Indeed, I can only imagine the look on Rishi Sunak’s face when he woke up to see his Premiership dragged into yet another scandal.
More than 100 schools are to be closed because of fears that the light concrete with which they are made could collapse.
The offending concrete, a lighter material that actually floats, was widely used from the 1950s to mid-1990s, and since then there have been calls to upgrade school infrastructure to avoid the kinds of collapses we are seeing today.
Clearly, the timing couldn’t be worse, with pupils due to return to school. And yesterday’s posturing from our politicians was excruciating.
TV viewers were treated to the sight of Education Secretary Gillian Keegan making it all about her. After being grilled by ITV News on the scandal she rounded off the chat complaining that she hasn’t been given enough praise for her dealing with the mess.
Others “have been sat on their a**es” and she hadn’t been thanked for doing “a f***ing good job”. Hmmm. And what exactly was that, Gillian?
Meanwhile, PM Rishi Sunak tried to paper over his own role in all of this.
He was slammed by a former education department permanent secretary for refusing to properly fund a schools rebuilding programme when he was Chancellor, despite evidence there was a “critical risk to life”.
Sunak claimed it wasn’t his fault and in fact he had “announced a new ten-year school re-building programme for 500 schools in 2020. What an unseemly mess.
But the real problem doesn’t only lie with the delusional Keegan, or what Sunak did or didn’t do in his few years as Chancellor.
Like his colleagues, the PM is only one man in a long line of politicians who have routinely kicked the can down the road.
The problem lies with successive governments who have been reluctant to spell out the dire state of Britain’s finances.
Yes, it is true that the Tories have had 13 years to fix this school collapse problem and haven’t.
It is also true that David Cameron’s government axed Gordon Brown’s schools rebuilding programme during the years of austerity. But the reality is that a nation which apparently believes the NHS and pensions funding should be without limit never has a spare billion, or £55billion to be precise, to fix buildings until they actually start crumbling.
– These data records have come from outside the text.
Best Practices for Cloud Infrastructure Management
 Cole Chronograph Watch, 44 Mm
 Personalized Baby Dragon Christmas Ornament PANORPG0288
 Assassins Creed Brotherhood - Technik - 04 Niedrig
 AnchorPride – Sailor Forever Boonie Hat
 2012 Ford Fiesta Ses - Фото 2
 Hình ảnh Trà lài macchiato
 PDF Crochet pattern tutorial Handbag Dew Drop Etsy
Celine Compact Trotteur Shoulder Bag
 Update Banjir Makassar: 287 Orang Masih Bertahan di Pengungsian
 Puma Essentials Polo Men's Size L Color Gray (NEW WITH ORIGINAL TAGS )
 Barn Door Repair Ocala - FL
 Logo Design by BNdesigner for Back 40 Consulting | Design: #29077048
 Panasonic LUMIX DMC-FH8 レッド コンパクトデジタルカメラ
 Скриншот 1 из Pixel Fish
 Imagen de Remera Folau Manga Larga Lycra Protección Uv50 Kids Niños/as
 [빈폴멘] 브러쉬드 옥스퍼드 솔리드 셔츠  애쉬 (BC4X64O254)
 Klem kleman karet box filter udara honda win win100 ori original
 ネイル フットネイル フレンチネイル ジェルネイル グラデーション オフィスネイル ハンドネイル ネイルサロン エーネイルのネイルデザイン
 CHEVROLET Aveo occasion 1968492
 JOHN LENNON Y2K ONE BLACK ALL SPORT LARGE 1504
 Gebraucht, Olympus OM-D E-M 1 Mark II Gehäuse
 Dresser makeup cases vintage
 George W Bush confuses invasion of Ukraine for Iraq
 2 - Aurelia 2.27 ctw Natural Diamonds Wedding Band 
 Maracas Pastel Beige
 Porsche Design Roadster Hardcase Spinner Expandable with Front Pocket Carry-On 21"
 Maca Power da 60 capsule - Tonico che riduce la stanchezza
And that is the uncomfortable truth.
Adequate levels of public spending, or lack thereof, have been a problem ever since our national debt started swelling to eye-watering levels.
And the Labour Party would do well to remember that.
The last Labour government had been running up our national debt at an incredible £160billion a year before 2010. With such unsustainable levels of government spending, tough choices were always going to be made.
To capitalise on this fiasco by lambasting the Tories for incompetence only tells one side of the story.
The UK no longer has the comfort of shaving off a few quid from department budgets to finance vast public expenditure. And the economy is just not growing enough to be able to justify any extra investment.
Society will take a hit
Over the past ten years, average GDP growth has remained at around two per cent. And governments have had to make do with carving up a smaller and smaller pie.
This Catch-22 the country finds itself in is why things wouldn’t change under Labour, whatever they pretend.
Tellingly, the party could not promise to reinstate their flagship school rebuilding programme yesterday. And we all know why — there is no money!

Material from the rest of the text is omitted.